If someone can come up with a truly intuitive interface for DVCS, I will be delighted.

Steve Johnson
+3  A: 

If you are in windows environment I'd suggest using tortoise git - http://code.google.com/p/tortoisegit/

This doesn't give a comprehensive tree with branches, but this is the most intuitive GUI for non-technical people, who just need to revision control their work.

jinxed_coder
"Our team uses OS X" would indicate that they're not in a Windows environment. ;)
mipadi
+1  A: 

Thanks for the tips, everyone. Unfortunately (at least for this problem), we're using OS X so I can't use Tortoise Git. It turns out that there's a Tcl GUI built into the standard Git tools suite that's not too bad ("git gui"). It looks like it'll do for now.

Alex Chin
+1  A: 

I'd recommend QGit, there's a darwin port : QGit-mac.

OneOfOne
+4  A: 

try SmartGit for OSX:

http://www.syntevo.com/smartgit/index.html

Steve Warren
A: 

You should be using GitHub , not just rolling your own Git server.
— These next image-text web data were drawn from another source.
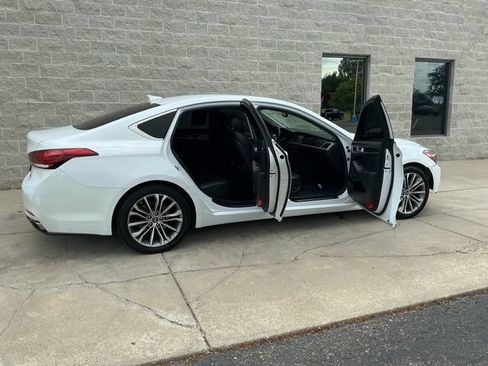 Used 2015 Hyundai Genesis 3.8 AWD/4WD image 16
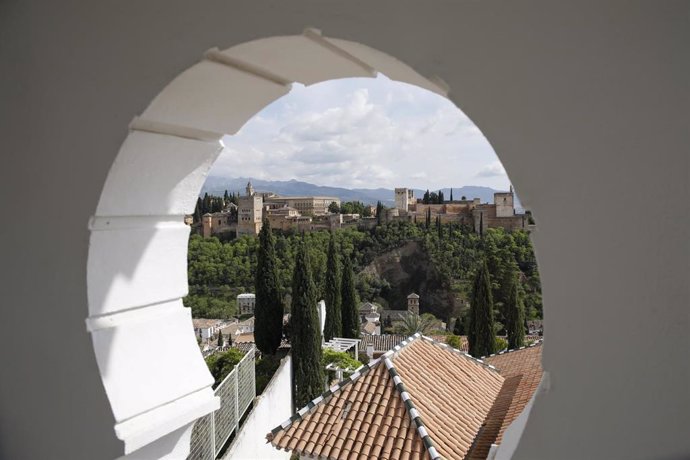 Archivo - La Mezquita Mayor de Granada vacía por la crisis del coronavirus, en la primera ola de la pandemia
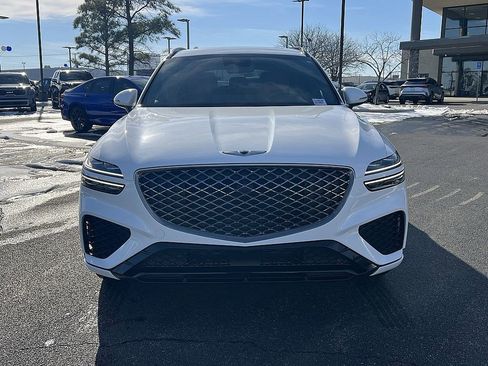 Used 2023 Genesis GV70 2.5T w/ Sport Prestige Package image 8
GitHub has most of what a BA would need (i.e. most everything but commit. and blame I think).

I find the best graphical interface on Mac to be the Git bundle on TextMate

Adam Nelson
A: 

I've never seen a good VCS which is accessible to non-technical people, apart from Perforce (perhaps).
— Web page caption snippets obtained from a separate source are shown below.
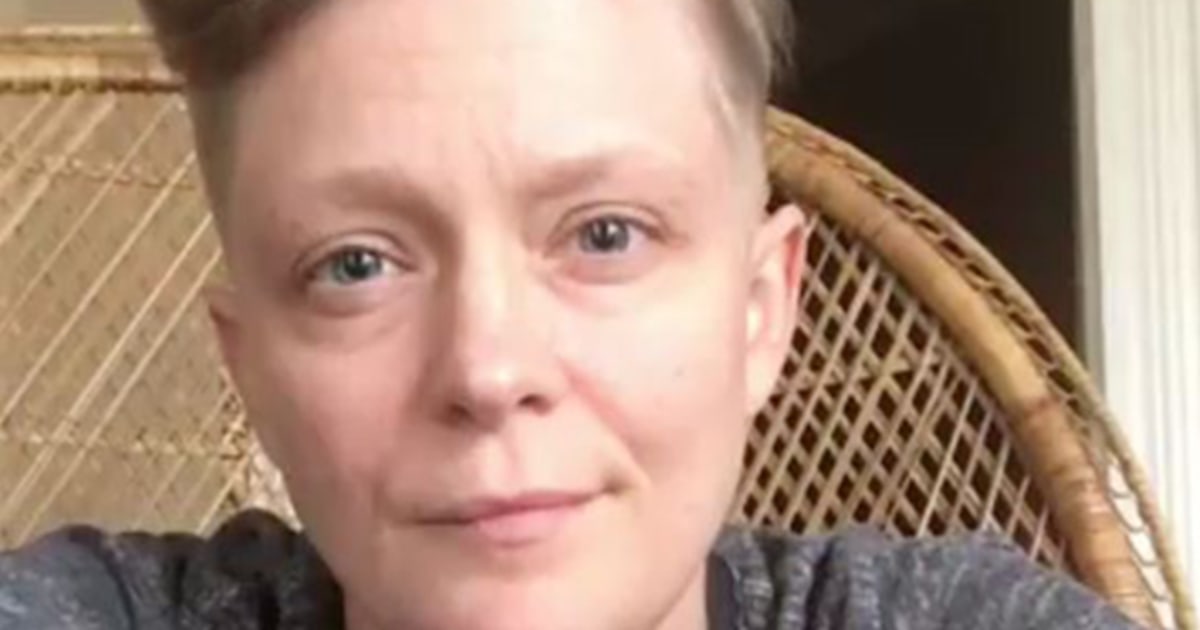 Indiana waitress in viral video addresses customer who wrote gay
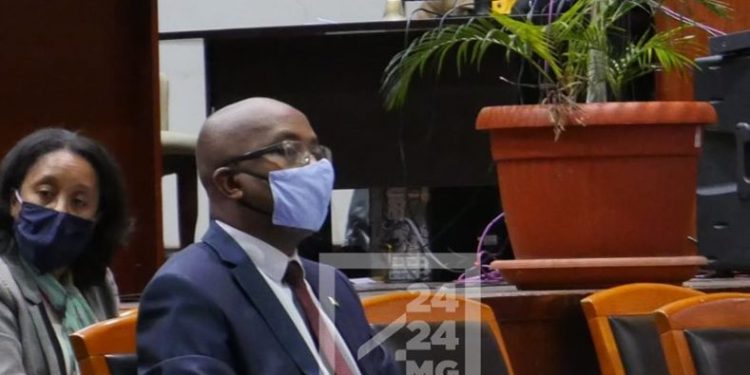 ??CORONAVIRUS – Un millier de ressortissants malgaches bloqués à l&rsquo;étranger, selon le ministre des Affaires étrangères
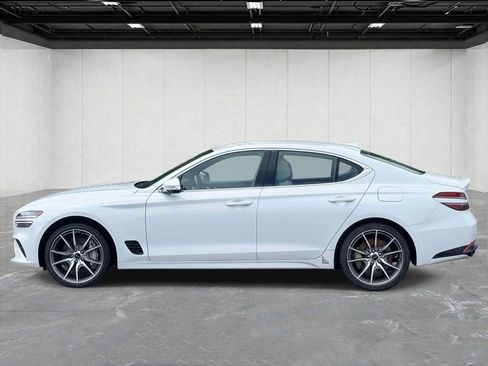 Used 2024 Genesis G70 2.5T AWD/4WD image 8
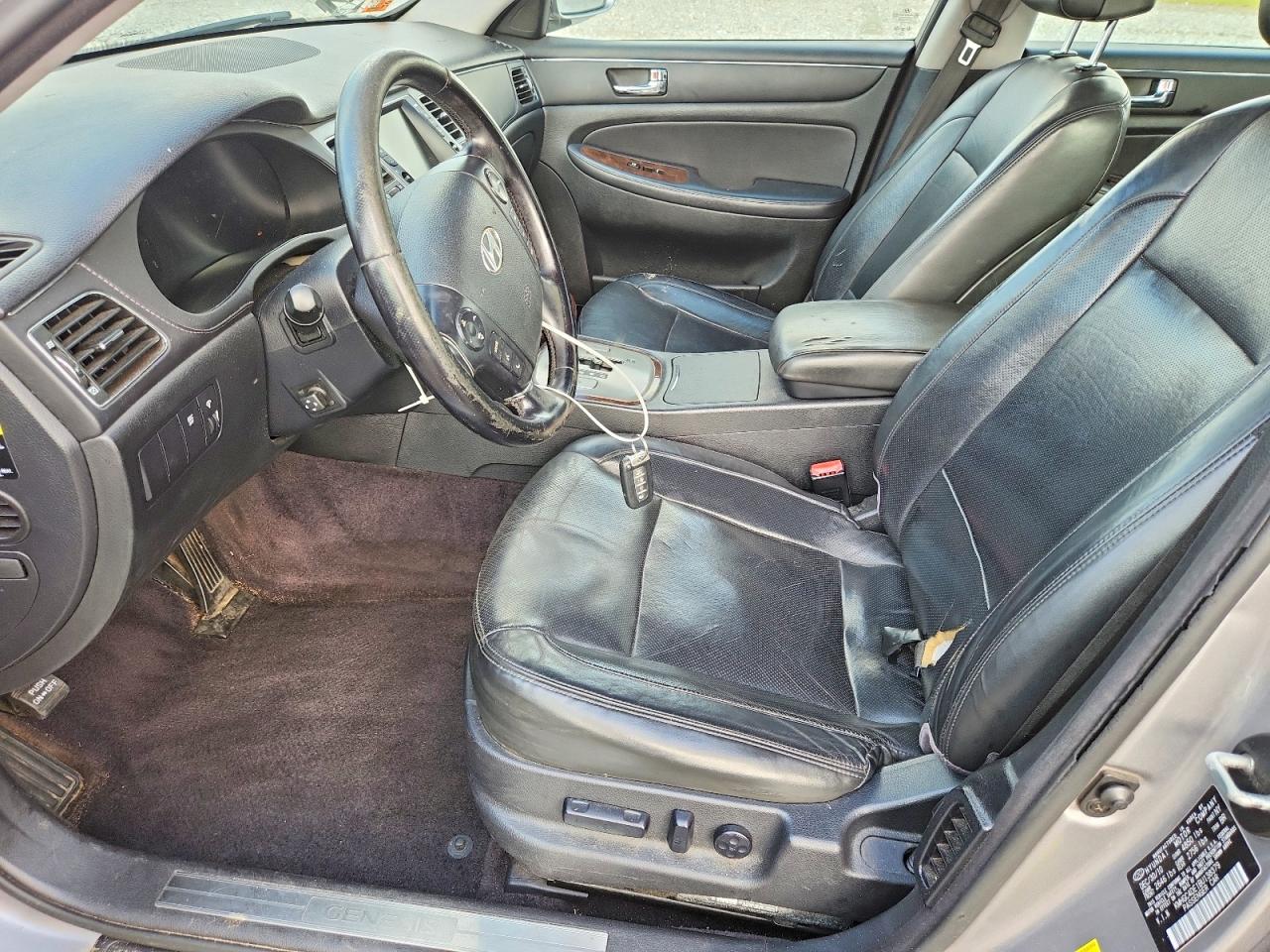 2011 HYUNDAI GENESIS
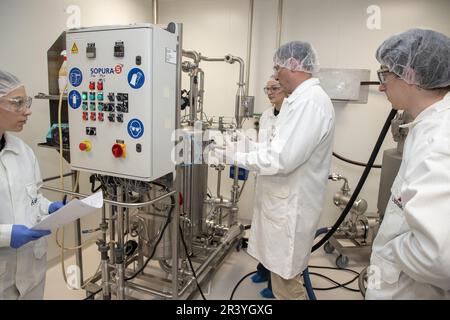 Seneffe, Belgien. 25. Mai 2023. Bildfoto, aufgenommen während eines königlichen Besuchs im Aptaskil Bio-Pharmazeutischen Ausbildungszentrum in Seneffe am Donnerstag, den 25. Mai 2023. BELGA FOTO NICOLAS MAETERLINCK Kredit: Belga News Agency/Alamy Live News Stockfoto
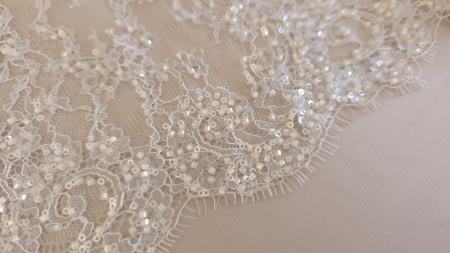 Marginea bordurii cu gene fine și broderie densă spre capătul tulului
Even SVN through Tortoise confuses people, they tend to commit everything in their working dir, mess up deletes, etc. You can train them but some central concepts of VCS are hard to grasp for normal non techy folk.

John
+2  A: 

I've tried different graphical Git clients, but they all focus on displaying project history instead of facilitating the overall work-commit-update workflow.

In my experience, showing the log window as primary interface helped developers to understand what they were doing. Branching, merging and tagging become obviously clear as you see the log lines change. You'll also have all members of the team speaking the same language - they can discuss the branch lines to use, which to integrate, etc.. (see http://nvie.com/git-model for an example)

In fact, the single developer who used SmartGit (which still follows the SVN workflow of commit-and-forget) got in the most trouble understanding git. SmartGit hides all the branching flow deep inside the interface.